━━━ SUPPLIED MATERIAL ━━━
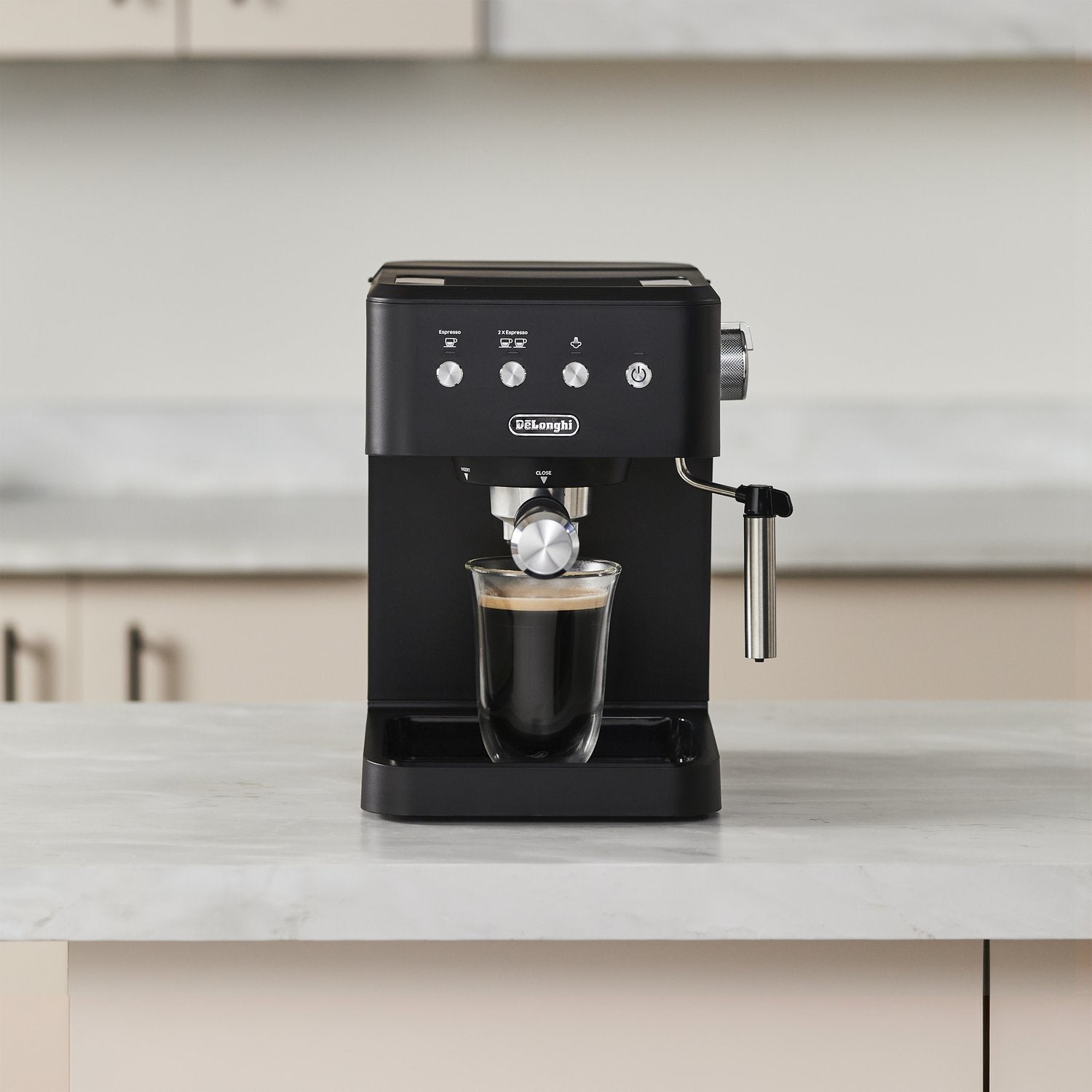De'Longhi 15 Bar Pump Manual Espresso Machine in Matte Black (EM350BK) - image 16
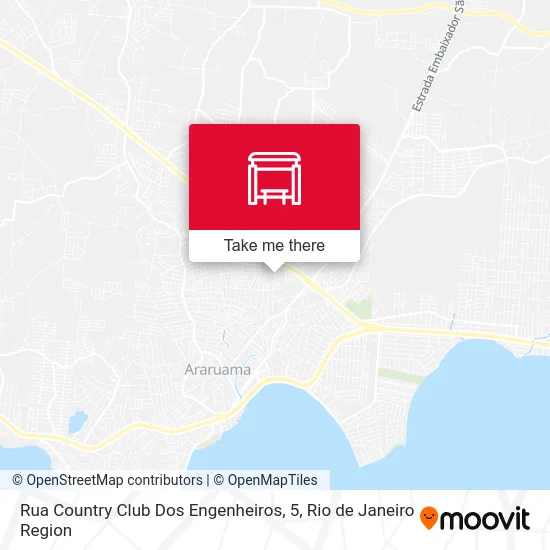 Rua Country Club Dos Engenheiros, 5 map
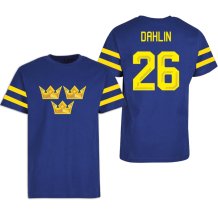Schweden - Rasmus Dahlin 2026 Hockey T-shirt - Blau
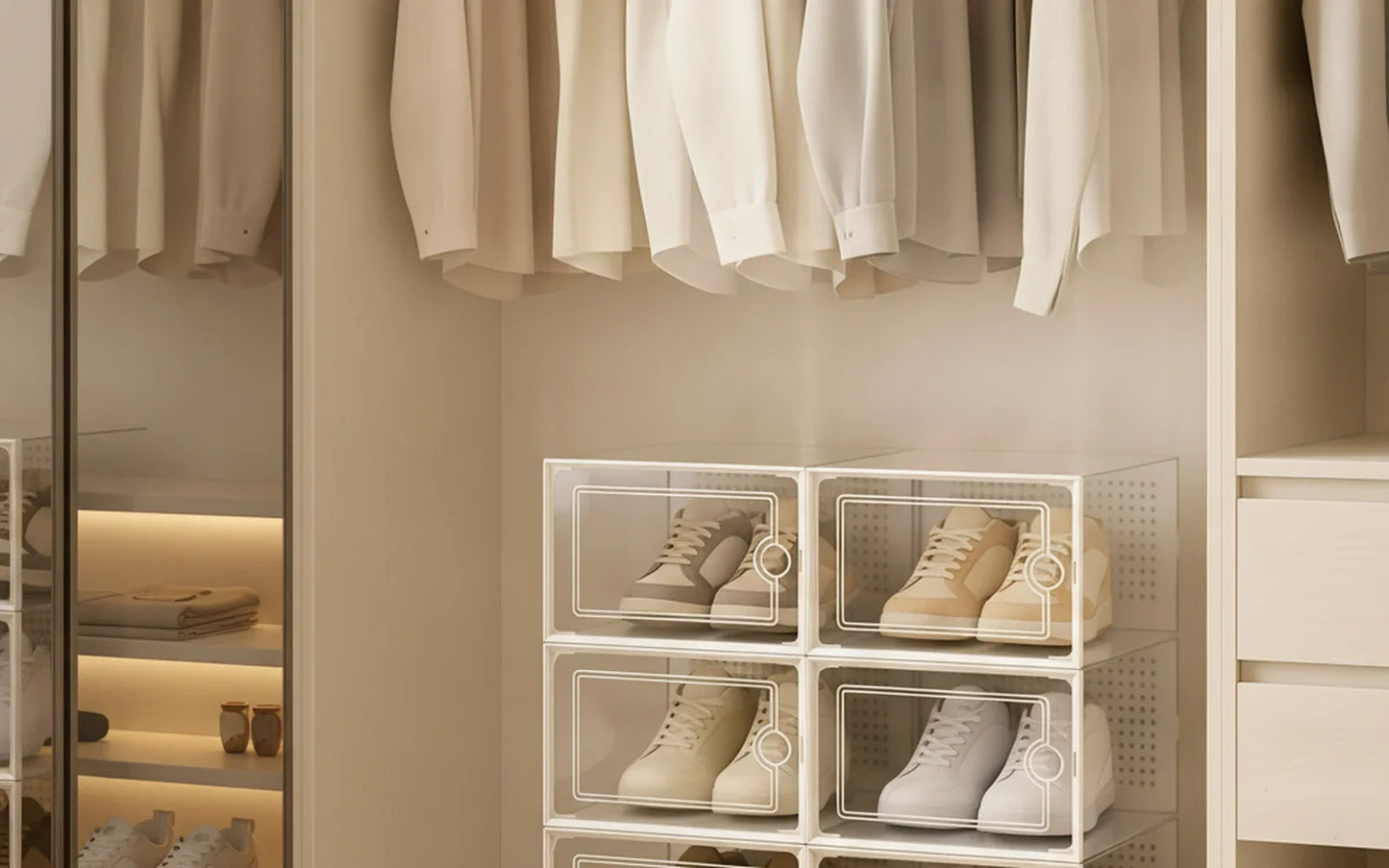 👟 Cajas Organizadoras de Zapatos Apilables  - x12Cajas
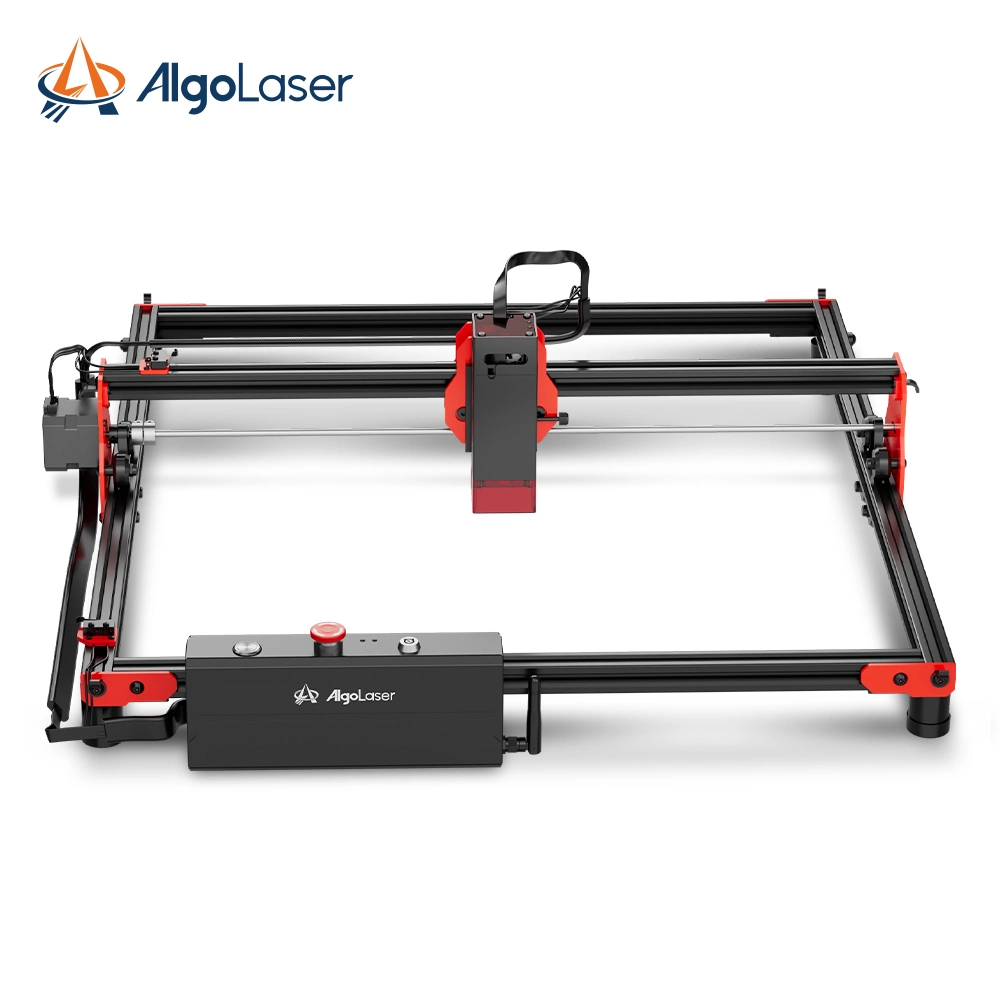 Algolaser DIY Kit Laser Cutter and Laser Engraver for Wood, Black Acrylic, Metal.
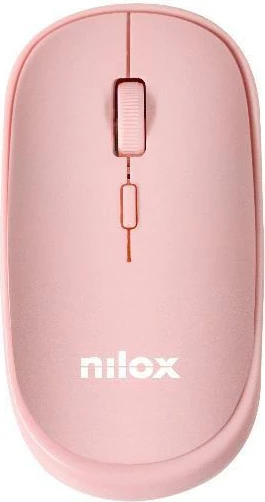 Brezžična miška Nilox, roza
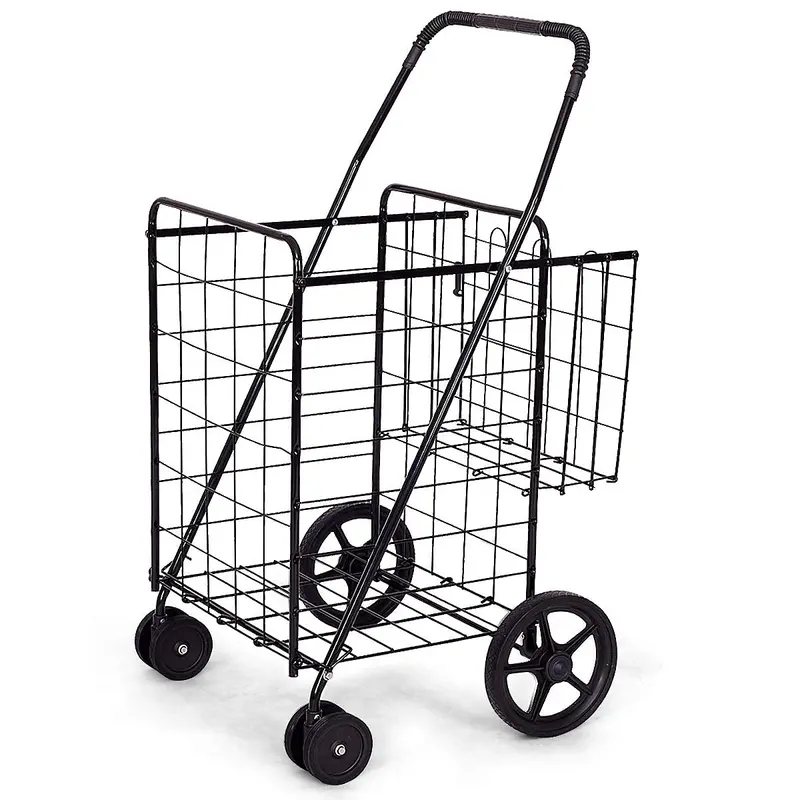 Extra-Large Foldable Shopping Cart – Versatile Carrier for Groceries, Luggage & Gear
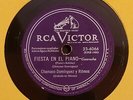 CHAMACO DOMINGUEZ / FIESTA EN EL PIANO / RUMBA DE ORIENTE / 78 RPM RECORD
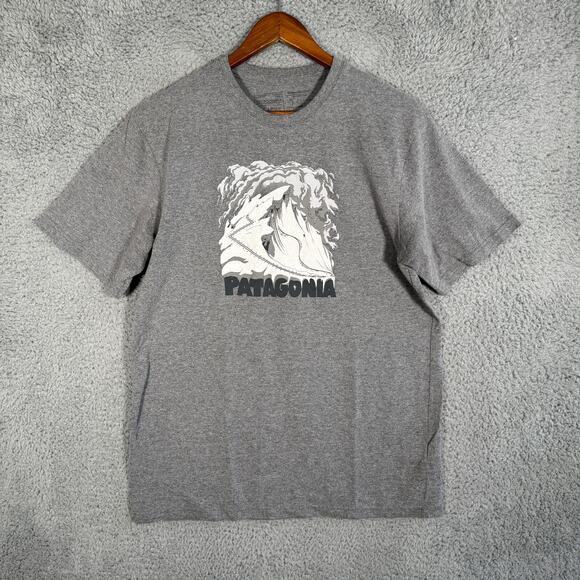 Patagonia Responsibili-Tee Mens Medium T-Shirt Logo Short Sleeve Outdoors - Picture 1 of 8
━━━
EXERCISE DESCRIPTION:
Copy every line exactly, from the opening line of the entries down to the line holding "Algolaser DIY Kit", and keep the pictures out.

RESPONSE TO THIS TASK:
De'Longhi 15 Bar Pump Manual Espresso Machine in Matte Black (EM350BK) - image 16
 Rua Country Club Dos Engenheiros, 5 map
Schweden - Rasmus Dahlin 2026 Hockey T-shirt - Blau
 👟 Cajas Organizadoras de Zapatos Apilables  - x12Cajas
 Algolaser DIY Kit Laser Cutter and Laser Engraver for Wood, Black Acrylic, Metal.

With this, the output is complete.